- Assignment
Given the records below, would you repeat exactly the lines that begin at the one containing "Sacai - Cotton twill and jersey T-shirt" and end at the one containing "Imagem de Caneca", inclusive?

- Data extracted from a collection

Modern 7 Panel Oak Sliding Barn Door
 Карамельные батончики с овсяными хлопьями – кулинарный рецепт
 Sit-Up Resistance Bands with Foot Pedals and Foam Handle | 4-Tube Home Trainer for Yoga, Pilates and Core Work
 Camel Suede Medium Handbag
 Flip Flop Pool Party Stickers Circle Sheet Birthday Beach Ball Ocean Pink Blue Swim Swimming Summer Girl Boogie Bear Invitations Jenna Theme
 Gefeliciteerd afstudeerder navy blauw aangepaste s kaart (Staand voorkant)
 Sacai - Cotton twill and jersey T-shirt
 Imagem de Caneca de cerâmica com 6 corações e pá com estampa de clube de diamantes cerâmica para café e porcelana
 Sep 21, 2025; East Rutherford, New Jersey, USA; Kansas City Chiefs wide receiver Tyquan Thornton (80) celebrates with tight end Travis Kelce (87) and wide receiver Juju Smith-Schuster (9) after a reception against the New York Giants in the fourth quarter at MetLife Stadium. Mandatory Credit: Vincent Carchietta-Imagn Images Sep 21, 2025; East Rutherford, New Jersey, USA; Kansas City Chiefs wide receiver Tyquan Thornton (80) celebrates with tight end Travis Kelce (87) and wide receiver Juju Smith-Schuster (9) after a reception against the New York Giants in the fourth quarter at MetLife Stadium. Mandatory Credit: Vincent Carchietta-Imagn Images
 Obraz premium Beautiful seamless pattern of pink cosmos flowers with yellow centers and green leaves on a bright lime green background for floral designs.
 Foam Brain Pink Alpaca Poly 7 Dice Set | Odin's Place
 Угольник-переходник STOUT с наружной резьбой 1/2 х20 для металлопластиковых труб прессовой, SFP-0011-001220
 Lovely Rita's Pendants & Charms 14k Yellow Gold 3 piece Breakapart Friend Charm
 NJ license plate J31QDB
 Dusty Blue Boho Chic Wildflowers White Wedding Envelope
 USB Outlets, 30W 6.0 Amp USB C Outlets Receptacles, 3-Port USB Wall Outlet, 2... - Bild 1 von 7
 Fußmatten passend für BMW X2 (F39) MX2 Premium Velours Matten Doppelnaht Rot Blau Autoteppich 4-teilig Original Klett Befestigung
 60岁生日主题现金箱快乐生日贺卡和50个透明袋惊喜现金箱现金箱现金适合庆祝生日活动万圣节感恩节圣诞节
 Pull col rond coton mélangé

- Solved problem
 Sacai - Cotton twill and jersey T-shirt
 Imagem de Caneca de cerâmica com 6 corações e pá com estampa de clube de diamantes cerâmica para café e porcelana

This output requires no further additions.